• EXERCISE AIM
With the pictures left out, restate exactly the part below that opens with the line containing "CARMOTION 58529 Antennekabel" and closes with the line containing "Владимир Молудунов, Москва, м.".

• DATASET EXCERPTS

--------------------------------

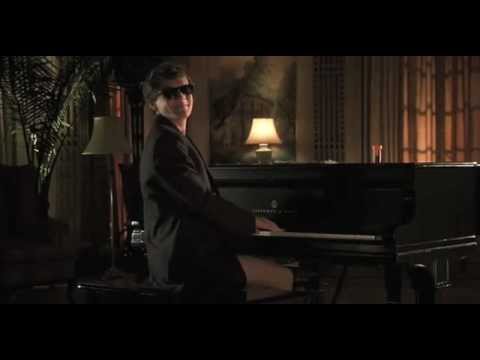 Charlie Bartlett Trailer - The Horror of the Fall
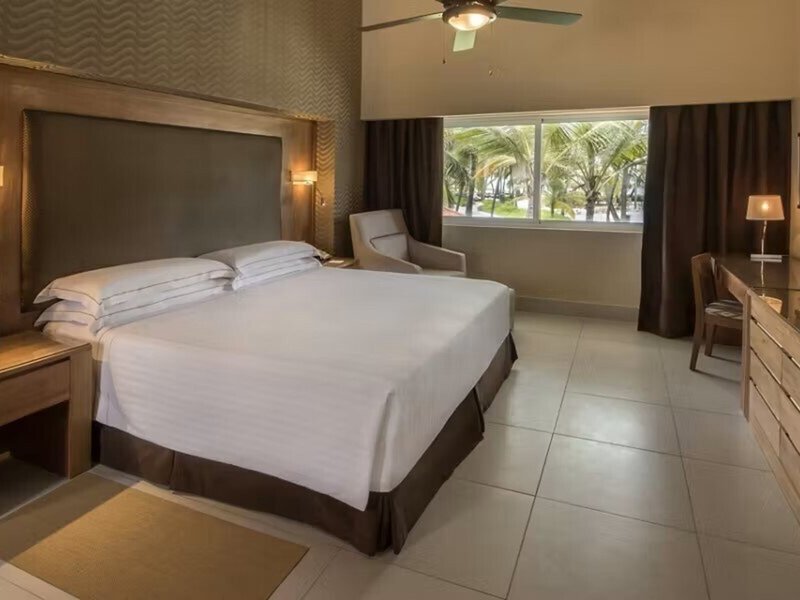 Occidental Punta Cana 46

--------------------------------

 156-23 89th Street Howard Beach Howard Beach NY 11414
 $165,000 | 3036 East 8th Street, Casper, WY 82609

--------------------------------

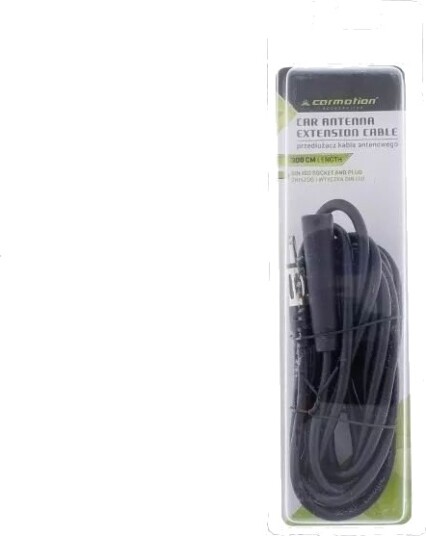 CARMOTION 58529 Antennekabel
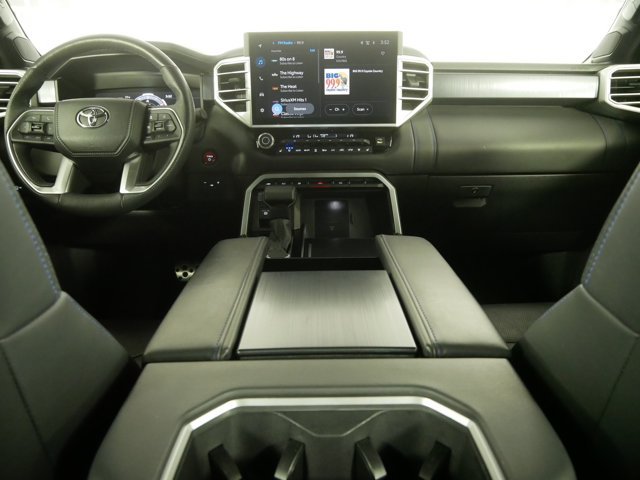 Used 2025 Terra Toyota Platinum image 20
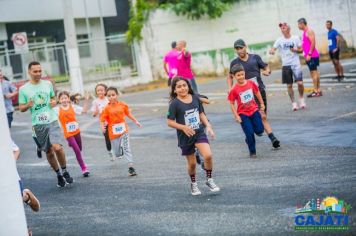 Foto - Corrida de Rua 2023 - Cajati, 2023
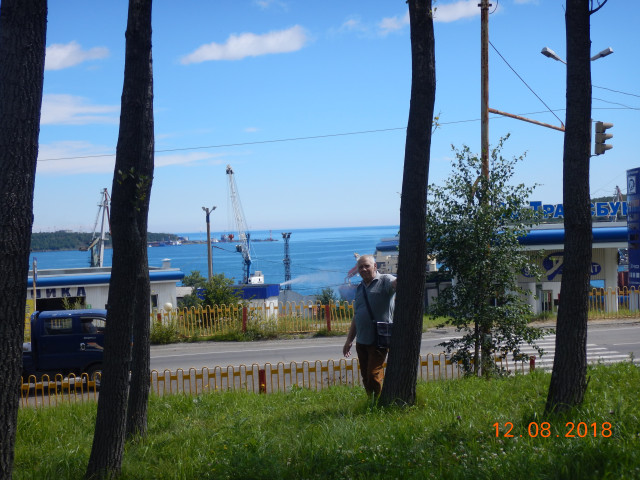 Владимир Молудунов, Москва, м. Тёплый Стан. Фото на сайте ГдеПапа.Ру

--------------------------------

• RESULT
 CARMOTION 58529 Antennekabel
 Used 2025 Terra Toyota Platinum image 20
 Foto - Corrida de Rua 2023 - Cajati, 2023
 Владимир Молудунов, Москва, м. Тёплый Стан. Фото на сайте ГдеПапа.Ру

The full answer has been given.